FAJARNUSANTARA.COM- Kepala Bidang Kebudayaan pada Disparbudpora Kabupaten Sumedang, menyoroti pentingnya pengembangan sektor budaya dalam meningkatkan status suatu daerah sebagai destinasi wisata dunia. Rabu 28 Februari 2024.
Dalam wawancara eksklusif dengan wartawan fajarnusantara.com, Budi Akbar menyatakan bahwa setiap daerah memiliki keinginan untuk menarik minat wisatawan dengan memasang magnet uniknya sendiri.

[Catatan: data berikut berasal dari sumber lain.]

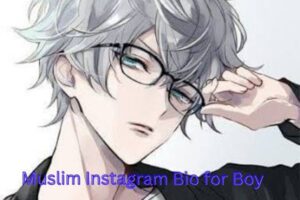 Muslim Instagram Bio for Boy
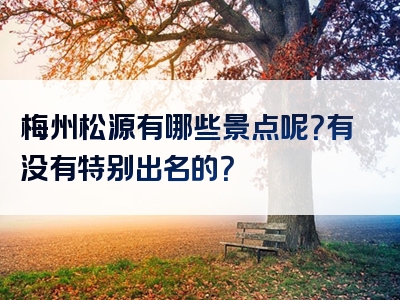 梅州松源有哪些景点呢？有没有特别出名的？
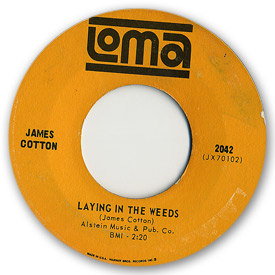 Discography of Loma records. Label scans of rare Loma 45 rpm vinyl records. Loma 2042 - James Cotton Laying in the weeds. May 1966.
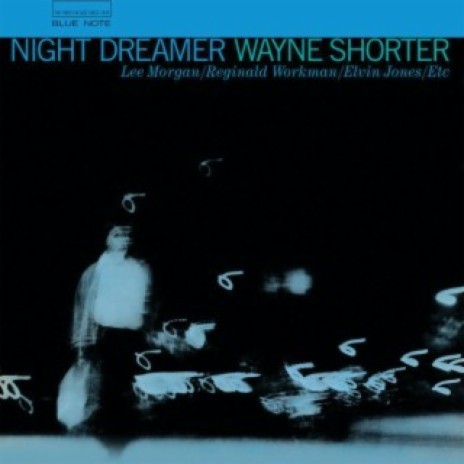 Night Dreamer (Remastered 2004 / Rudy Van Gelder Edition) | Boomplay Music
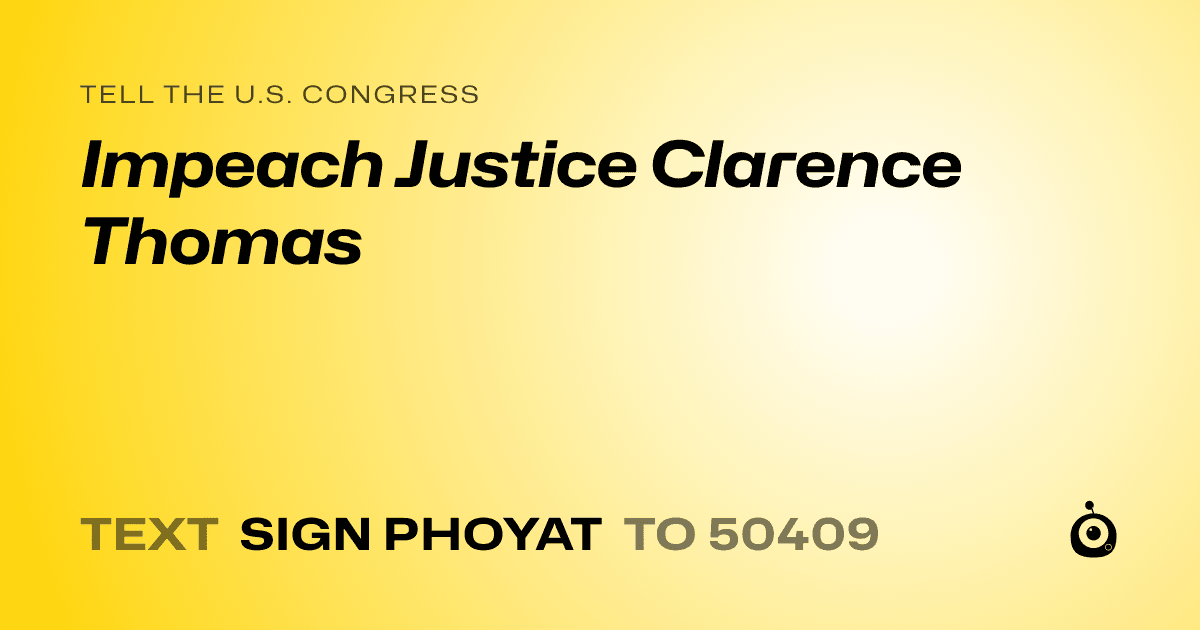 A shareable card that reads "tell the U.S. Congress: Impeach Justice Clarence Thomas" followed by "text sign PHOYAT to 50409"
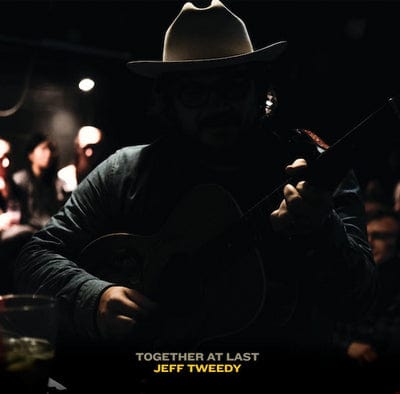 Together at Last - Jeff Tweedy [CD]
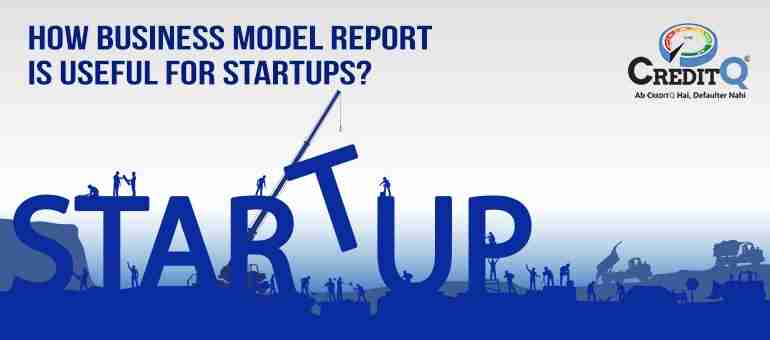 How Business Model Report is Useful for Startups?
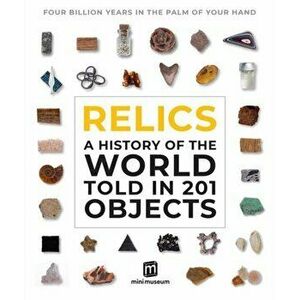 Relics: A History of the World Told in 133 Objects, Hardcover - Jamie Grove imagine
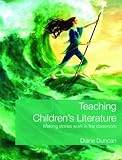 Teaching children's literature : making stories work in the classroom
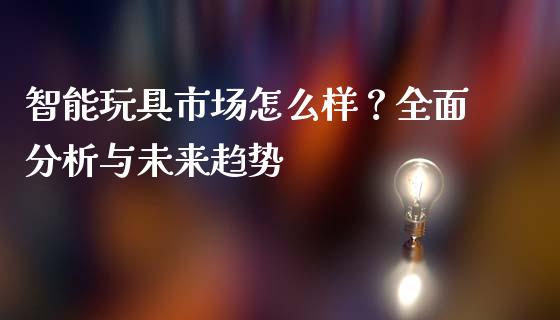 智能玩具市场怎么样?全面分析与未来趋势_债券资讯_第1张_产经新闻_债券资讯_新股申购_美股行情 智能玩具市场怎么样?全面分析与未来趋势_https://wap.sdyuehang.cn_债券资讯_第1张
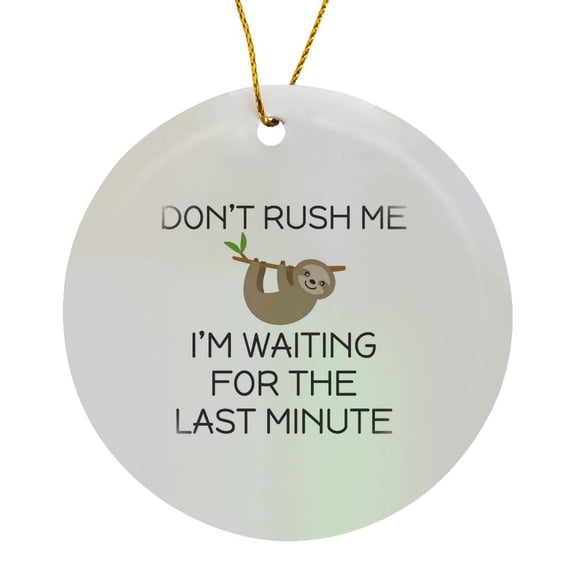 3drose, Dont Rush Me Im Waiting for the Last Minute with Cute Sloth., Circle Porcelain Ornament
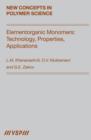 Elementorganic Monomers: Technology, Properties, Applications - eBook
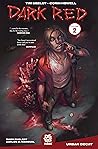 Dark Red Vol. 2 by Tim Seeley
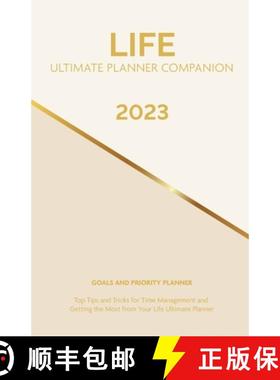 【3-4周达】2023 Life Ultimate Planner Companion Goals and Priority Planner: Top Tips and Tricks for T... [9781960130082]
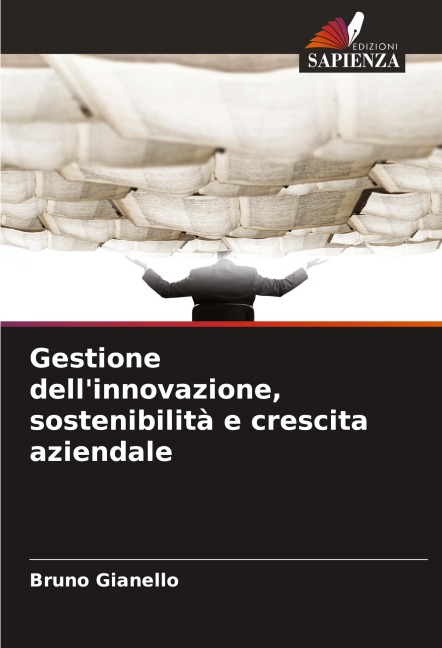 Gestione dell'innovazione, sostenibilità e crescita aziendale - Bruno Gianello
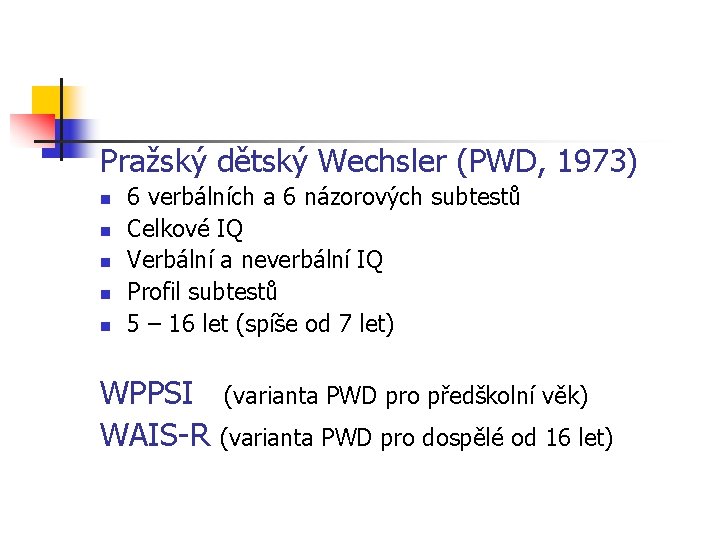 Pražský dětský Wechsler (PWD, 1973) n n n 6 verbálních a 6 názorových subtestů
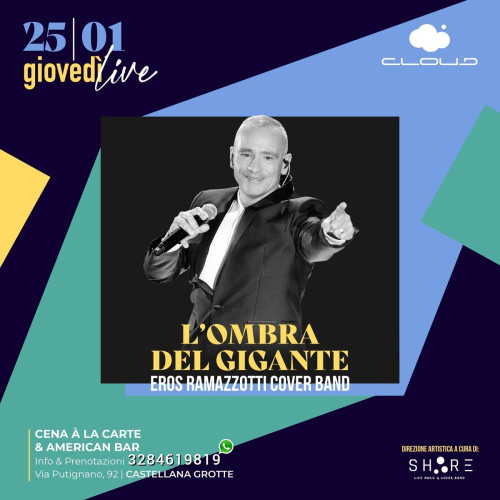 L'ombra del Gigante - Eros Ramazzotti tribute show live at Cloud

“Saat ini, perputaran ekonomi masyarakat akan meningkat dengan meningkatnya kunjungan wisatawan,” ujar Budi.
Pertanyaan mendasar muncul! mengapa hanya sedikit pulau di Indonesia yang menjadi destinasi wisata dunia? Untuk menjawabnya, kami berbincang dengan Kepala Bidang Kebudayaan Provisi Jawa Barat. Menurutnya, Bali menjadi sorotan utama karena pengangkatan sektor budayanya yang kaya.
“Bali mampu menonjolkan keunikan budayanya, sehingga menjadi destinasi wisata yang diminati,” papar Budi.
Berdasarkan pemahaman ini, Budi menegaskan perlunya fokus pada pengembangan sektor budaya untuk mencapai status destinasi wisata yang diakui dunia. Ia menggarisbawahi bahwa kebudayaan tidak hanya mengangkat sektor pariwisata, tetapi juga berdampak pada peningkatan ilmu pengetahuan, ekonomi masyarakat, serta rasa nasionalisme dan patriotisme.
“Studi kebudayaan dapat memberikan kontribusi besar dalam peningkatan pengetahuan dan identitas bangsa,” tambahnya.
Lebih jauh, Budi menyoroti pentingnya melindungi dan mempromosikan warisan budaya lokal. Sumedang, kata Budi, memiliki ribuan warisan budaya yang perlu dilestarikan dan diangkat agar tidak diakui oleh daerah atau negara lain.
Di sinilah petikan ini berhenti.